Report every line of the data where the string "Leather" appears.

INFORMATION:
········
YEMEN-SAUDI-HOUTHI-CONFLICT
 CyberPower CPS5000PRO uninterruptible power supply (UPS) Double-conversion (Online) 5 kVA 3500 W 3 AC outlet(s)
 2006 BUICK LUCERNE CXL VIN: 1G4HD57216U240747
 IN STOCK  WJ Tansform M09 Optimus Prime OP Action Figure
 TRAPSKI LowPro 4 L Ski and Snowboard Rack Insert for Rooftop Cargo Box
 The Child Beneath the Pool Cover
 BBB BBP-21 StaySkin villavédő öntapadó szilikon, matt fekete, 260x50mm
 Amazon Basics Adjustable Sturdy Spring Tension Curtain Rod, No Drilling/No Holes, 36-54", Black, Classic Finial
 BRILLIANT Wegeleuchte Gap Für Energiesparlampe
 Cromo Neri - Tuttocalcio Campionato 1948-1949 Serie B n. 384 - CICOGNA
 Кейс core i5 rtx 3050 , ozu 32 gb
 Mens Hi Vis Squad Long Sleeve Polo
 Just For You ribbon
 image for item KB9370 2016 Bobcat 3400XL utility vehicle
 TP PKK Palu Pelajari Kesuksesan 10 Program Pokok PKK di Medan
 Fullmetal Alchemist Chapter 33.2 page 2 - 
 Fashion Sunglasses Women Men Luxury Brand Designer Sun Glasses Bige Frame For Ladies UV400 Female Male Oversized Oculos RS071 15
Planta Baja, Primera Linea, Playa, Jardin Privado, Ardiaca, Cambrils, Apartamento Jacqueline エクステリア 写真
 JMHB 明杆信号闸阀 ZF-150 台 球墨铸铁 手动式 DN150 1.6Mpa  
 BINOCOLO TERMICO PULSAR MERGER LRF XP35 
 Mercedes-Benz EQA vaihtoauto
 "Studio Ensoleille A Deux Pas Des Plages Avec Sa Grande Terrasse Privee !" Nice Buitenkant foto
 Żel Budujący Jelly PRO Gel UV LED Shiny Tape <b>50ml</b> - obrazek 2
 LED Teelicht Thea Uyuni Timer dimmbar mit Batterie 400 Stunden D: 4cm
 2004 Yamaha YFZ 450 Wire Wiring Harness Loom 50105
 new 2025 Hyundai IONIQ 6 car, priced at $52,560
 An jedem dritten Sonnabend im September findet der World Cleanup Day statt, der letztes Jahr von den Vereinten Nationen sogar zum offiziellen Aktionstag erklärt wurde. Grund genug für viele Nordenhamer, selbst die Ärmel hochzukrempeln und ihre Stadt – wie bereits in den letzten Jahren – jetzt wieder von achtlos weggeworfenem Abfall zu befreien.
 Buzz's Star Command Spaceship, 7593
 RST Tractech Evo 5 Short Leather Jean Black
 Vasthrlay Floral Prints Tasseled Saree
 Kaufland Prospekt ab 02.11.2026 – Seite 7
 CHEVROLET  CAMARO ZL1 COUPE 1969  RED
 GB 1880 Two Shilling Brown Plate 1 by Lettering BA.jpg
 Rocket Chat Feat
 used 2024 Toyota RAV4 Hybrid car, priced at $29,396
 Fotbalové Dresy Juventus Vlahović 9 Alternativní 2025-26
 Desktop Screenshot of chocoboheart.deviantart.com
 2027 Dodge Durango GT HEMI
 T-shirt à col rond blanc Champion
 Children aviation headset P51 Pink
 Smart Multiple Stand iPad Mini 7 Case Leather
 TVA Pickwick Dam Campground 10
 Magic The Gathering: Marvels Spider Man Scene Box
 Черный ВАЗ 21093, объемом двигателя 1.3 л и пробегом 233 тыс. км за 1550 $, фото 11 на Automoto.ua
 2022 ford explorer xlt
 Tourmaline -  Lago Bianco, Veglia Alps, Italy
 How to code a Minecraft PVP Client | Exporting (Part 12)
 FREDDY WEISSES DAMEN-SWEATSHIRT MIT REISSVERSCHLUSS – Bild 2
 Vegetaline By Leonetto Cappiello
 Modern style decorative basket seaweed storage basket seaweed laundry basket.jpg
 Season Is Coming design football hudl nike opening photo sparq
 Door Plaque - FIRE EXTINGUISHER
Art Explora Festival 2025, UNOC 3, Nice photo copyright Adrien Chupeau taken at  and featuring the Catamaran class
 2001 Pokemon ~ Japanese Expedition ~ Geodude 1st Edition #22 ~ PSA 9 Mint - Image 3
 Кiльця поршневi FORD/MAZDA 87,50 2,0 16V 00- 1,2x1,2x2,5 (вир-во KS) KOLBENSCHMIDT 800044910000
········
SOLUTION FOR THIS TASK:
 RST Tractech Evo 5 Short Leather Jean Black
 Smart Multiple Stand iPad Mini 7 Case Leather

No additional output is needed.